Am 7. Dezember 1922 heiratete van Hoboken die Schauspielerin Annemarie Seidel, mit der er sich auf eine Weltreise begab. 1925 ließ er sich in Wien[4][5][6] nieder, wo er Schüler des Musiktheoretikers Heinrich Schenker wurde, den er auf Empfehlung Vrieslanders kennengelernt hatte. In Gesprächen mit Schenker erklärte van Hoboken sich bereit, eine Sammlung fotografischer Reproduktionen von Autographen großer Komponisten zu finanzieren. So kam es im Herbst 1927 zur Gründung des „Archivs für Photogramme musikalischer Meister-Handschriften“ (abgekürzt „Photogrammarchiv“ oder „Meisterarchiv“). Er verwirklichte damit einen Plan, den Schenker schon vor dem Ersten Weltkrieg verfolgt hatte: Das Archiv sollte als Grundlage für die musikwissenschaftliche Forschung dienen mit dem Ziel, die vielfach bearbeiteten Werkausgaben des 19. Jahrhunderts durch originalgetreue Editionen auf der Basis der Handschriften zu ersetzen;[7][8] zur Vervollständigung der Sammlung arbeitete man auch mit anderen Bibliotheken zusammen.[9]

In dem im November 1927 veröffentlichten „Aufruf“ zur Gründung des Archivs heißt es:[10]

„Die Werke der Meister der Tonkunst sind uns heute in der Hauptsache nur bekannt nach den Ausgaben, die von ihnen im Umlauf sind.

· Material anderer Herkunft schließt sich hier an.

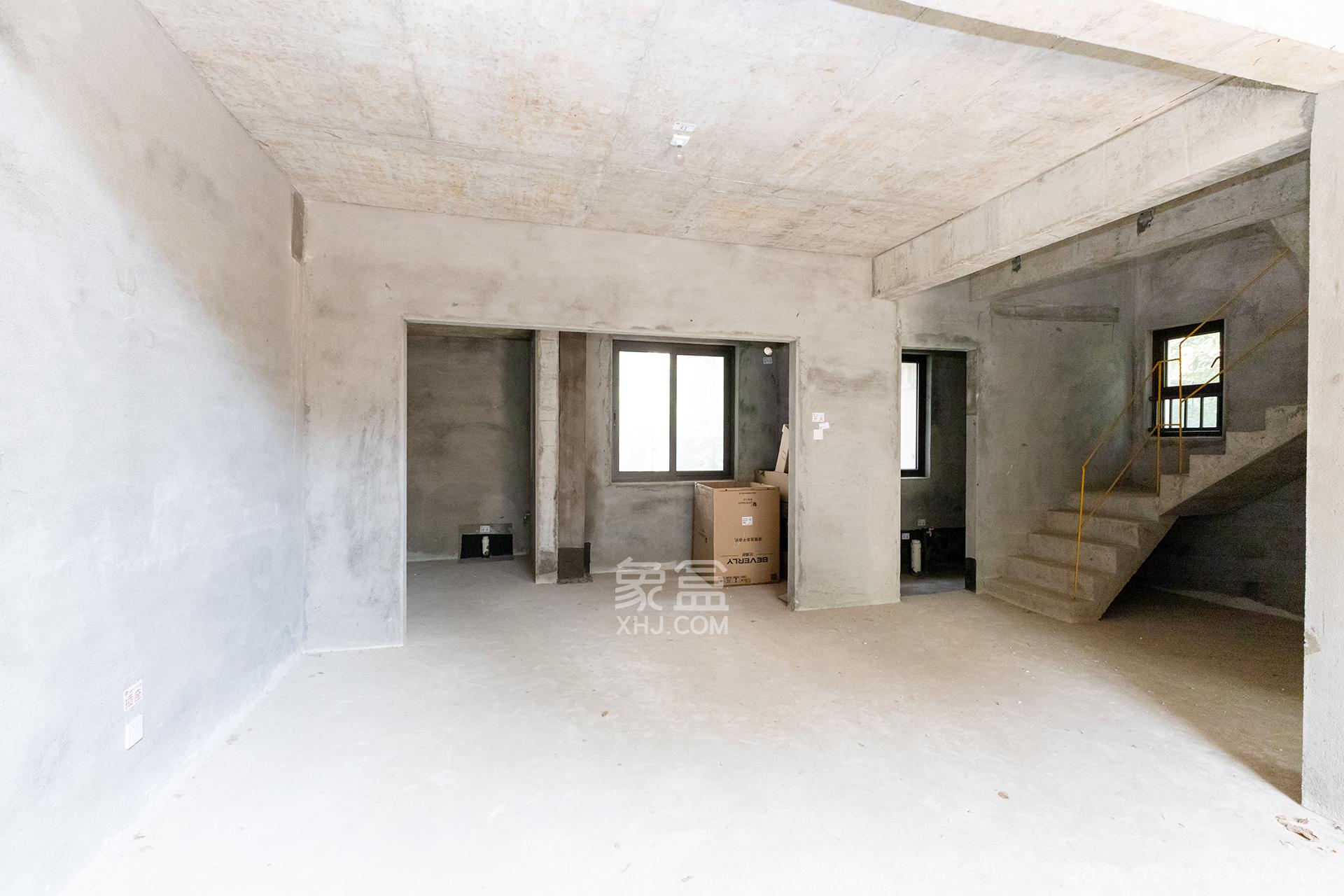 龙湖璟宸原著(龙湖紫宸) 4室2厅2卫 228.0万 龙湖璟宸原著(龙湖紫宸) 4室2厅2卫 228.0万客厅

Diese Ausgaben sind aber meistens von anderen bearbeitet und entsprechen in mehrfacher Hinsicht nicht mehr getreu dem Original. […] Da aber die Handschrift für das richtige Studium der Meisterwerke die beste, ja die einzige Quelle darstellt, ist es notwendig, mittels photographischer Wiedergabe des Originals die möglichst weite Verbreitung desselben zu fördern! […] Zu diesem Zwecke habe ich mich entschlossen, ein Archiv anzulegen, in welchem die photographischen Aufnahmen der wichtigsten Handschriften unserer musikalischen Großmeister aufbewahrt werden sollen, wo sie besichtigt werden können und wo auf Wunsch Abzüge derselben angefertigt werden, um sie Interessenten zur Verfügung zu stellen. […] Es geht hier um nichts weniger als um die Erhaltung unserer Tonkunst, da nur die Kenntnis der Handschrift die Fehler zu berichtigen vermag, die sich in die Ausgaben eingeschlichen haben.“

Van Hoboken finanzierte das Archiv ausschließlich aus eigenen Mitteln.[11][12] Auf rastlosen Reisen durch ganz Europa suchte er Musikhandschriften ausfindig zu machen und von den Besitzern die Erlaubnis zur Reproduktion zu erhalten.[13]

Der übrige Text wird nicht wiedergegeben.